I preface all this by saying I love hero movies. I think Marvel has been consistently putting out high quality blockbusters for the better part of a decade now, each one with their own vibrant worlds. There are so many unique ideas in comics that have been brought to life on the big screen; it’ll inspire new writers for generations to come and that’s a net positive. In addition these movies are branching out, expanding the mold in regards to representation and now typically under served minorities have their own champions. You only have to google Black Panther and you can find waves of pictures of small children staring at the posters in awe, and that matters. So trust me, I don’t want this era to end. I just thing the bubble is going to burst sooner rather than later, and I think Endgame is going to be that bubble.

Endgame is going to be huge. Colossal. Probably one of the biggest events in movie history alongside Harry Potter and Star Wars coming back. And that kind of hype is hard to match, let a lone top. We’re seeing it with Harry Potter, with the new Fantastic Beast spinoffs giving us diminishing returns with every sequel, and while the numbered Star Wars movies make comically hilarious amounts of money the spinoffs only make mildly amusingly amounts of money, and Disney has already announced that post the release of Episode IX they’re going to scale back on the movie front and focus on smaller scale projects, like tv and video games. They seem to realize that there’s only so much juice you can squeeze out of an orange and they’d be better served to not try to milk the golden space cow.
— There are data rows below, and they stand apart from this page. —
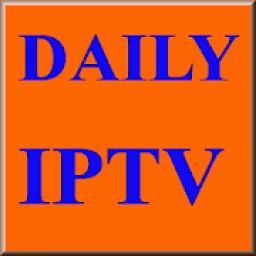 Daily IPTV आइकन
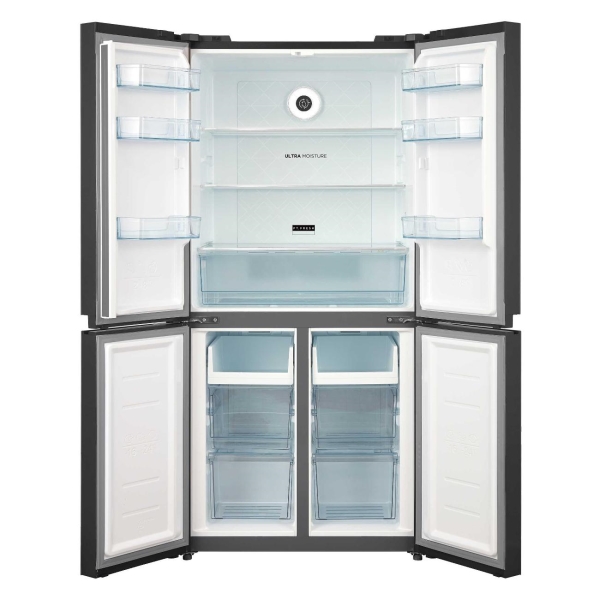 Изображение товара Холодильник (Side-by-Side) Korting KNFM 81787 GN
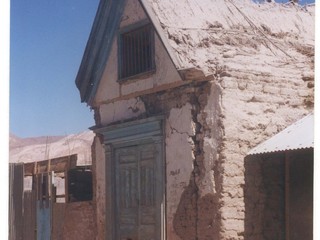 Casa de la familia Ossio Casa de la familia Ossio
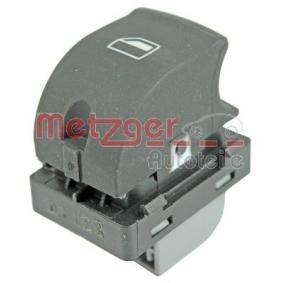 Fensterheberschalter 0916262 von METZGER günstig für 15,43 € online kaufen
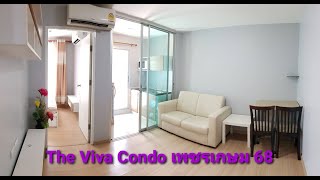 ขาย The Viva Condo เพชรเกษม 68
That was a lot of food based metaphors. It’s almost lunch time and I’m hangry. Apologizes.

The larger point I’m trying to make is that Endgame is that it’s the last chapter in a decade long saga. I was a sophomore in high school when Iron Man came out. I was young and optimistic, like baby Steve Rogers in First Avenger. Now I’m jaded and disillusioned, like Steve Rogers in Infinity War. Sun rise, sunset. Endgame really does feel like the end of an era, and I don’t know that comic book movies will ever feel as big or as grand as this, nor do I feel like they’ll ever rake in the kind of cash that they used to in a post Endgame world. Nothing’s going to feel as big after this, though I’m sure Marvel’s going to keep making movies. Some are probably still going to be on par with their best work, in terms of narrative quality.

I just don’t think they’ll ever feel as big, and that’s okay. This was a once in a generational event. To repeat it, or to try to replicate it is folly. It’s not something that you can just reproduce.  Endgame is the last hurrah. The final showdown. It’s time to sit back and enjoy it. Raise a glass to Marvel folks. They’ve earned it.

Of course I could be wrong. Marvel’s basically untouchable right now, and now they’ve got the X-men and Fantastic Four back who knows that kind of spectacles they can unleash.